No positions was more unwisely neglected last offseason by the Raiders than middle linebacker. The lack of attention to such a key position bit the Raiders in the ass early and often.
Rolling with Ben Heeney and Cory James as the primary options fizzled out after week four. Heeney had lost his starting job after week two and James, while he showed some promise, wasn’t getting it done either, forcing the team to sign Perry Riley Jr off the street.
Riley was a major upgrade and a serious case of found money for this team, signing to a one year deal. Now the Raiders are back where they were last year at this time, with the hindsight to know they can’t ignore the position again.

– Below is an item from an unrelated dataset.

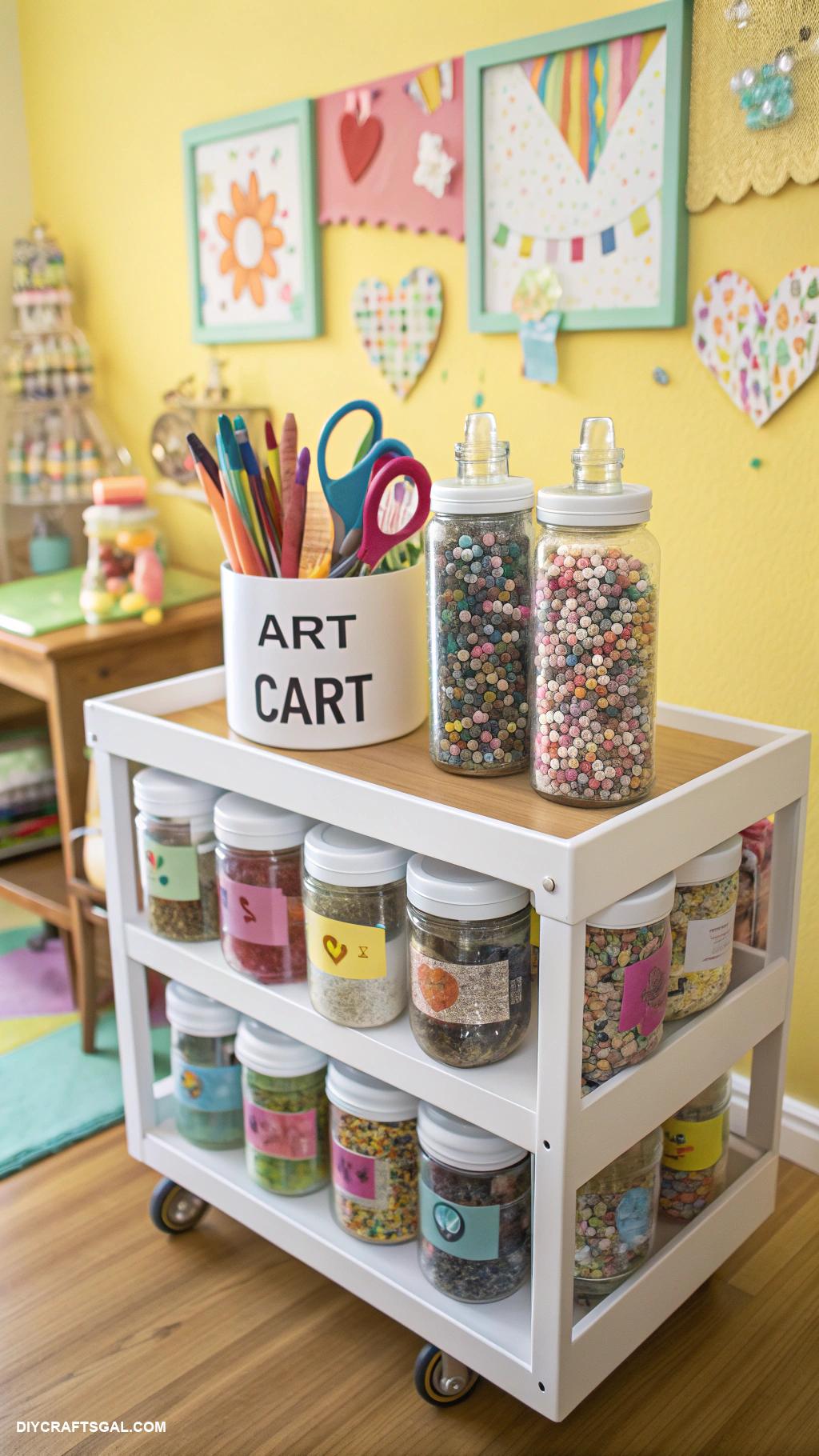 art cart organization for kids Labeled jars for small items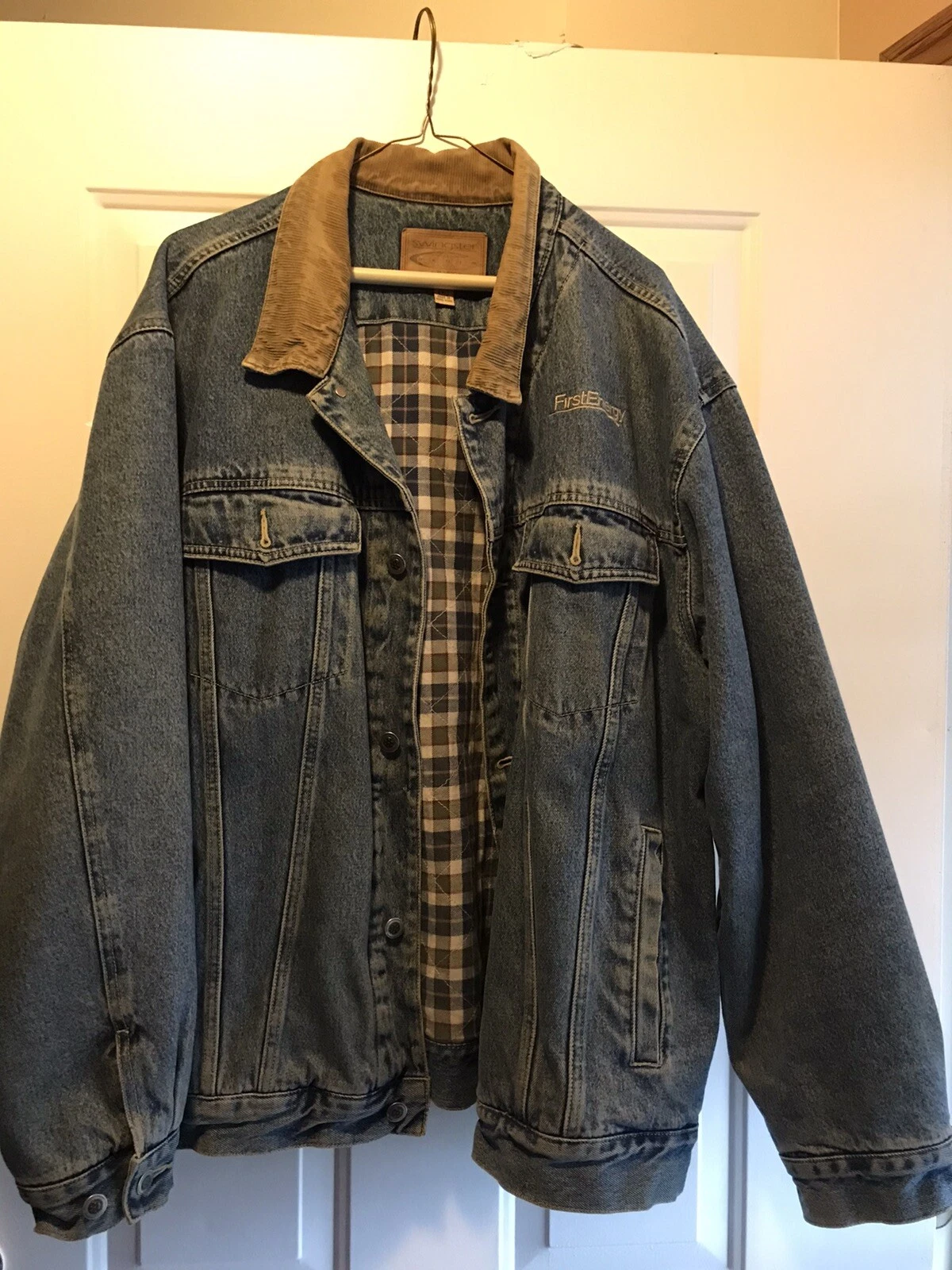 Vintage Flannel Lined Denim Jacket Size XL Trucker Coat 48 Chest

The options on the market are rather slim. But the cupboard is certainly not bare.
Dont’a Hightower, 27
The middle linebacker prize of free agency this year. This 6-3, 265-pounder is an all-around game-changer. Outside of some injury issues over his career, there are little to no faults in his game. He can stop the run, drop into coverage, and rush the passer. Reggie McKenzie covets middle linebackers who are versatile like that. The ability go deep in a cover 2 or chase down running backs and tight ends from sideline to sideline while being the quarterback of the defense is tough to find.
I mentioned injuries as his primary concern. They are not a small concern. He has missed at least three games in each of the past three seasons – a total of 11 games. The Patriots may be balking at bringing him back for that reason. That and Hightower will be spendy. The Patriots tried to sign him to an extension prior to last season at $10 million per season and he turned it down. Rumor has it Hightower wants top LB money as the likes of Luke Kuechly and Jamie Collins received. That’s closer to $13 million. The Patriots are notoriously cocky tightwads. Hightower was a major factor in both of their last two Super Bowl wins. Now, since he’s not willing to take a lowball offer for the honor of being a Patriot, he can follow Collins and Chandler Jones out the door.
Zach Brown, 27
Last offseason, Brown signed with the Bills on a one-year deal without much fanfare. The former Titans 2nd round pick had a breakout season in Buffalo, starting every game, compiling 149 tackles (97 solo), 4.0 sacks, 4 passes defended, 2 forced fumbles and an interception.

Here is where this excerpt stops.